Extrapolation of data has been investigated for many years. It has been used to enhance the resolution of images or to complete fragmented data sets ([1],[8]-[16]). Current extrapolation theories can also be successfully implemented to estimate missing audio data. The major problem, however, is the large amount of audio data samples required for even small time segments. These large data sets result in heavy computational time and memory requirements. These computational requirements often exceed the application constraints (see section 5.3). If the input data segment is divided into a group of smaller data segments, computational requirements can be greatly reduced. Reducing computational requirements decreases processing time and enables processing of large data segments, which previously exceeded application limits.
Audio signals are usually viewed in either the time domain or the frequency domain. If the signal is segmented in the frequency domain, each of these block segments has a time domain representation. Through frequency domain blocking, a set of smaller time domain signals is obtained. Each of these signals can then be processed through an extrapolation algorithm with much lower computational requirements than that of the original signal. The frequency domain views of the resulting extrapolations can then be recombined into one frequency domain view. The time domain view of this recombination is the resulting extrapolation for the original audio signal.

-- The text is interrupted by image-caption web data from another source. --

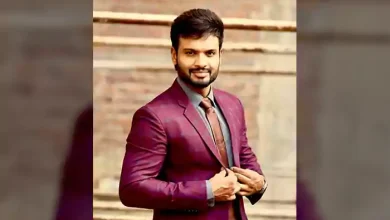 Sumanth Net Worth, Age, Wiki, Photos, Awards & Controversy Today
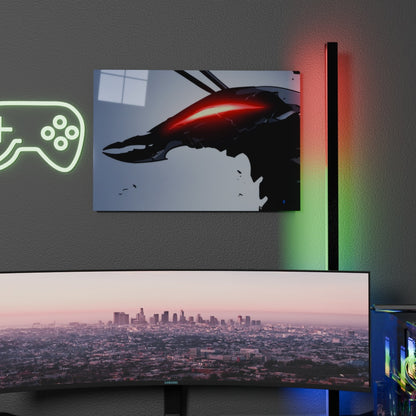 Beast of Darkness - Fr4meX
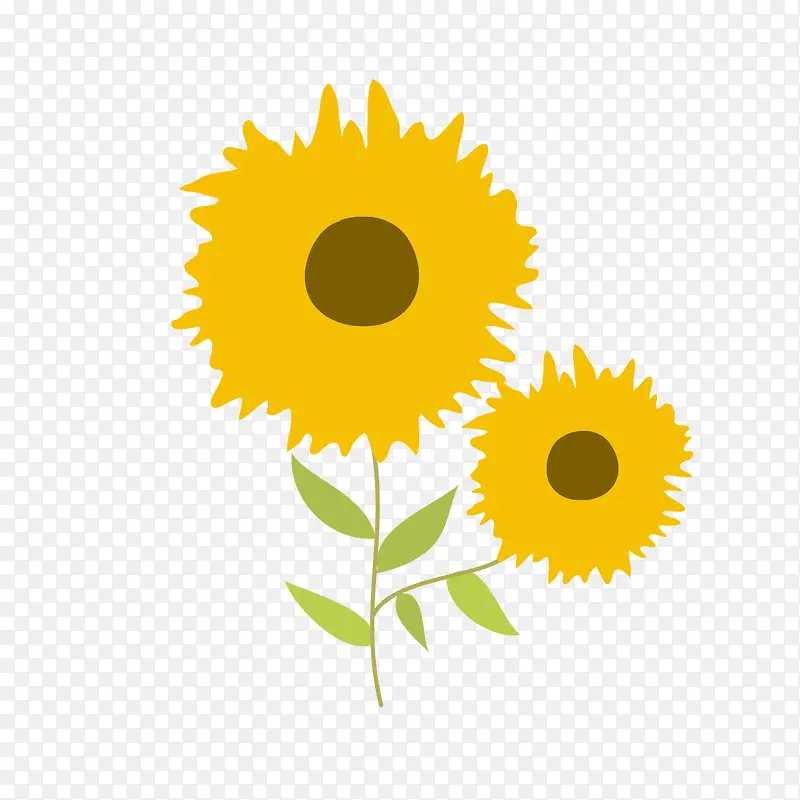 ��ɫ�ֻ�ջ�-������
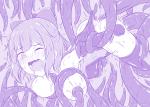 tentacle_rape // 1678x1200 // 1.2MB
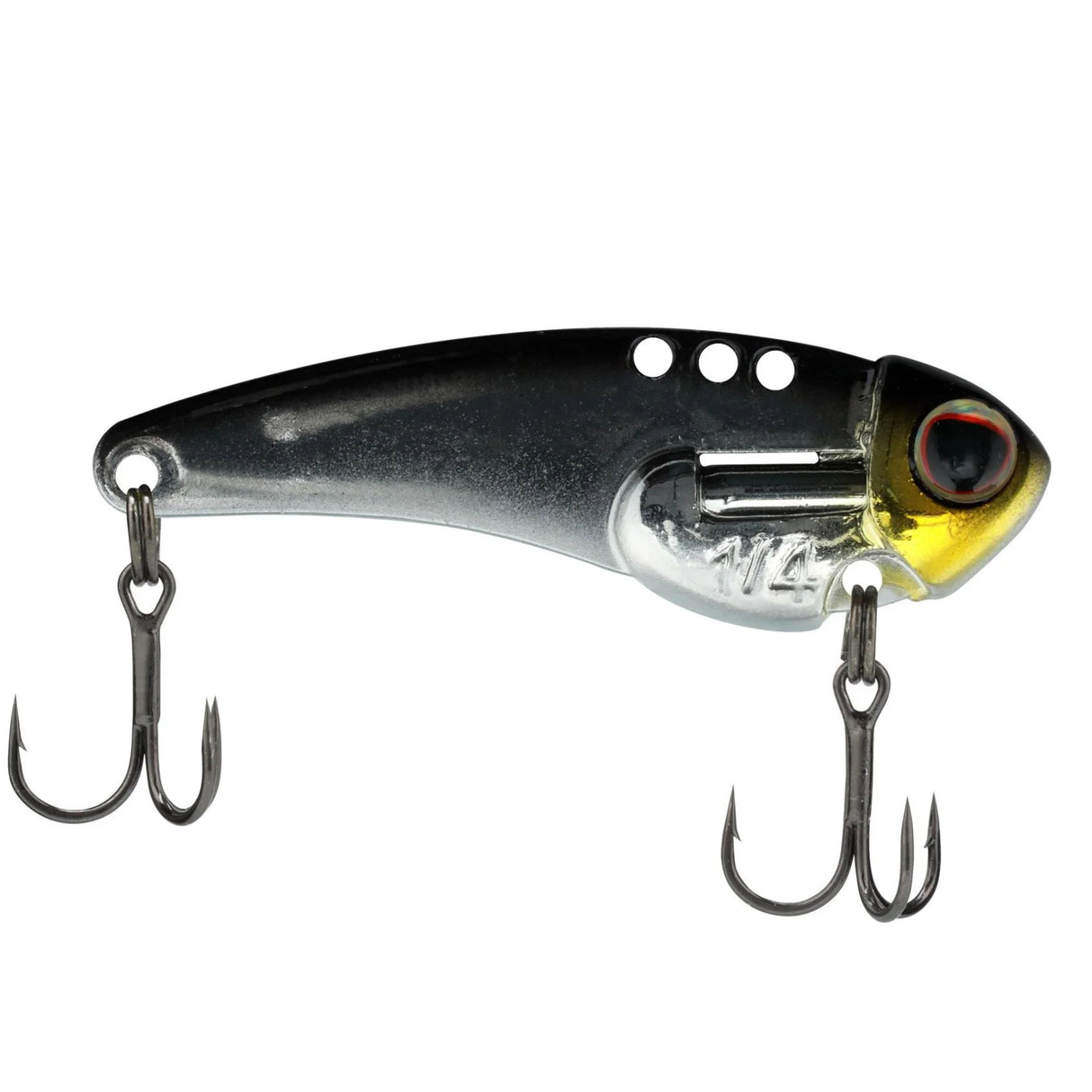 Berkley ThinFisher Blade Bait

Minimum weighted norm extrapolation [1] is chosen as the extrapolation algorithm to be used with the frequency domain blocking method. This extrapolation method has no bandwidth limitations and utilizes the known power spectrum information to improve its resulting extrapolation. A Root Mean Squared (RMS) factor is included in the algorithm to act as an automatic gain to improve amplitude consistency in the signal. If a delay is acceptable in the chosen application, the algorithm could be implemented in pseudo-real-time.
Although frequency blocking greatly reduces computational requirements, it increases error. This increase in error can be kept to a minimum if proper dimensions are chosen. The extrapolation method is shown to work better with tonal music than non-tonal music. Non-tonal sounds, i.e. percussive sounds, are noise-like and thus do not extrapolate well through the minimum weighted norm extrapolation method (see section 5.6.1).
Chapter 2 begins by discussing digital audio theory, frequency domain representation, and properties of the audio signal. A brief look at the perception of auditory restoration is then presented. Extrapolation theory is discussed in Chapter 3 with the contribution of important algorithms. A new algorithm is presented in Chapter 4 that extends the minimum weighted norm extrapolation with frequency domain blocking. The performance of the new algorithm is then evaluated in Chapter 5, displaying its various tradeoffs. Finally, Chapter 6 presents a possible application of this algorithm within Internet audio streaming.